Spock: "The term is 'amusement park'."
Caretaker: "Of course."

Again with the theme of the perfect fantasy being dangerous. Except in the end, it wasn't.

This was the first outright comic episode of Star Trek, and it's a fan favorite. It has some flaws and hasn't aged well, but for the most part, it's still a lot of fun to watch. Okay, the fist fight went on way too long, and everyone kept running from place to place. And it wasn't fair that Kirk got two fantasies. Couldn't we have had at least one of Spock's?

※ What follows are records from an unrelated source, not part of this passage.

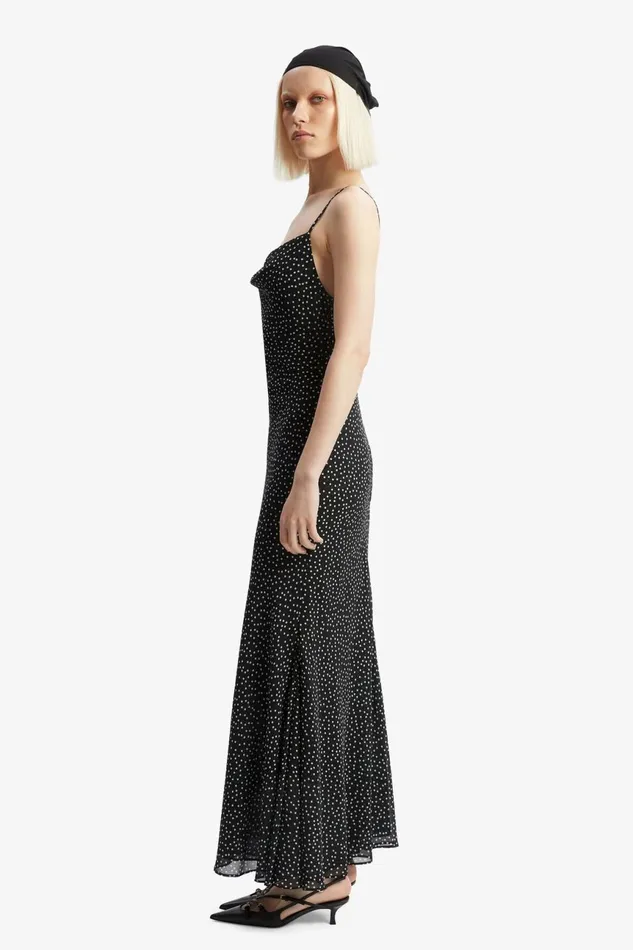 Women Bardot Party Dresses Monroe Cowl Neck Maxi Dress In Black Spot Black Spot Women Bardot Party Dresses Monroe Cowl Neck Maxi Dress In Black Spot Black Spot
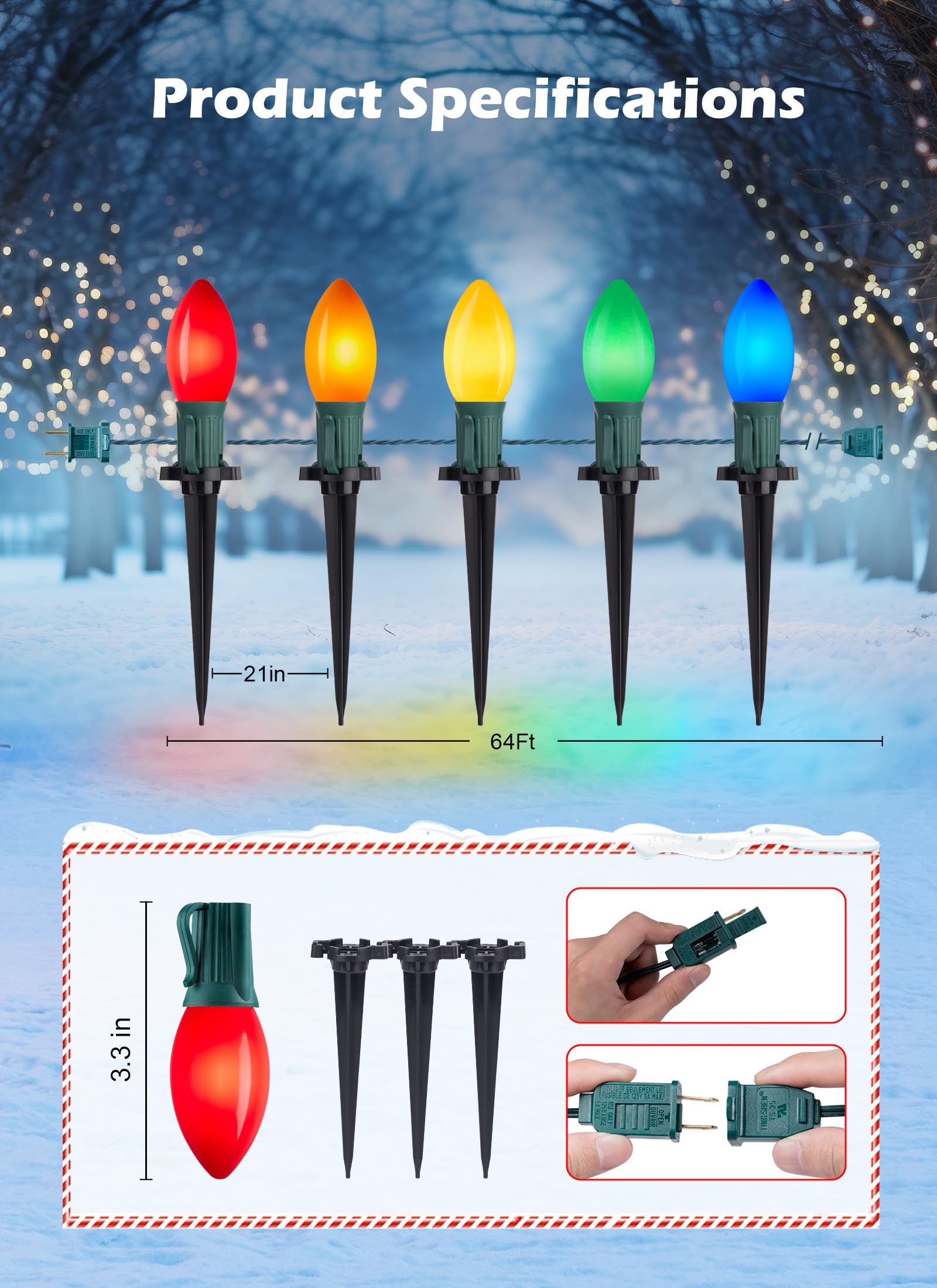 Foto 6 pulgar | Luces Navideñas Brightown Frosted C9 Led, 64 Pies, 50 Bombillas - Venta Internacional.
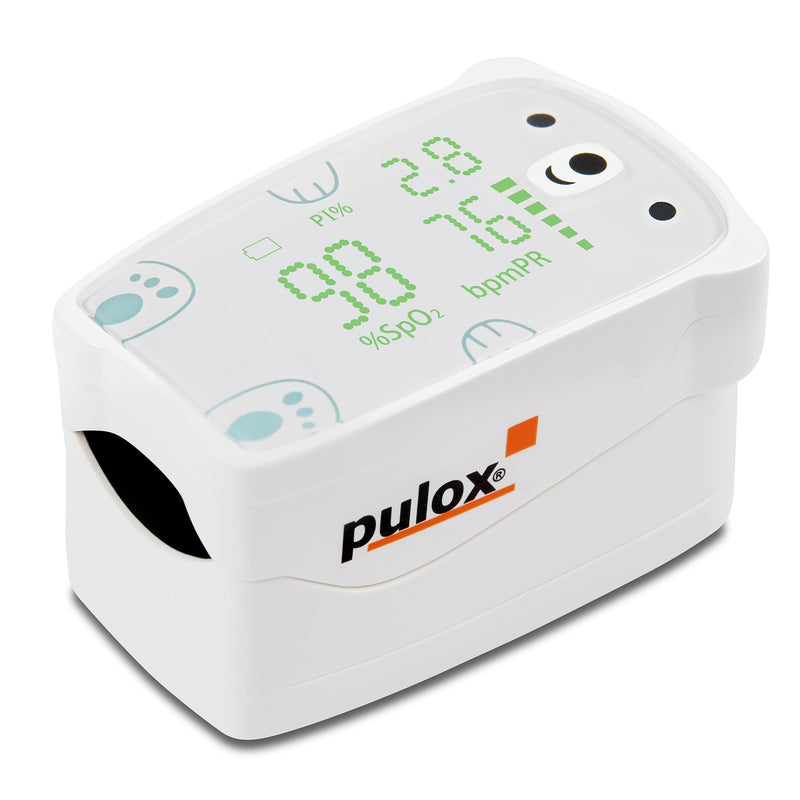 Pulox PO-235 Children's Pulse Oximeter for SpO2, Pulse Rate & PI with Alarm | For measuring oxygen saturation, pulse and perfusion index, child-friendly design for little fingers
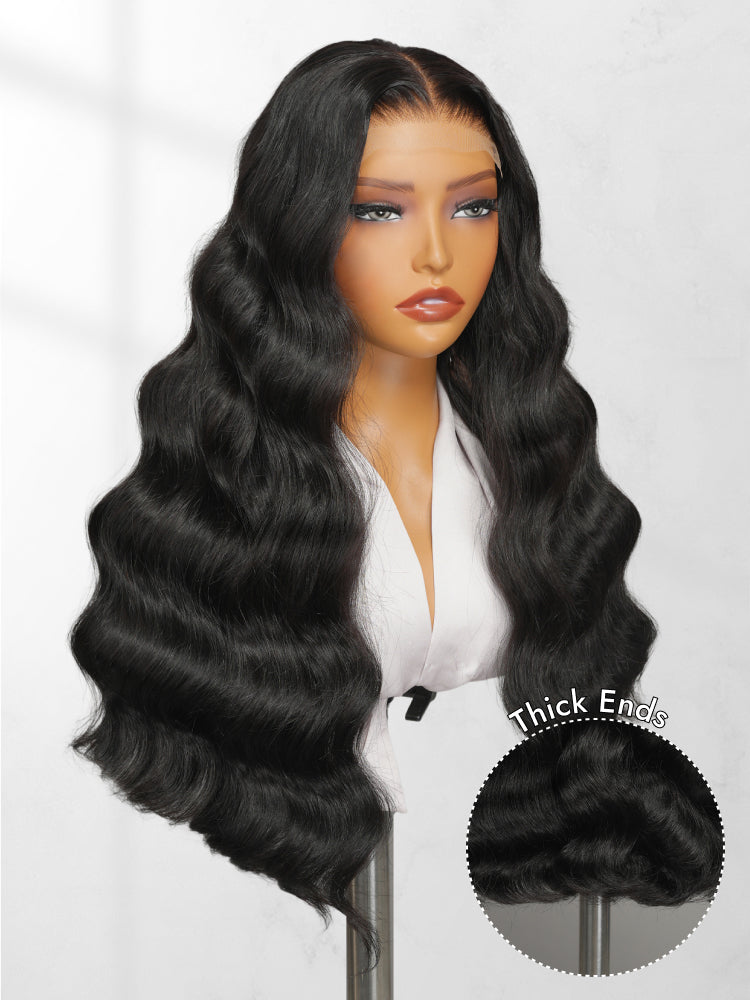 body wave double drawn wig full ends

There were several sinister notes that gave a bit of depth to the story. Finnegan sounded creepy, talking about Kirk sleeping forever. There were samurais attacking with swords, knights on chargers, a tiger on the loose, and airplanes doing strafing runs. McCoy died, and so did Angela. (But somehow, no one except Yeoman Barrows seemed all that upset about it.) How could the planet "fix" McCoy and Angela? Did the caretaker's people have the power of life and death? And what exactly were those things that looked like Finnegan, Don Juan, and Ruth? Androids? Animated plants? Kirk stayed on afterward and spent time with "Ruth," and the subtext was that he had a whole lot of sex with her. I find that a bit creepy these days, although I don't think it occurred to me when I was a kid.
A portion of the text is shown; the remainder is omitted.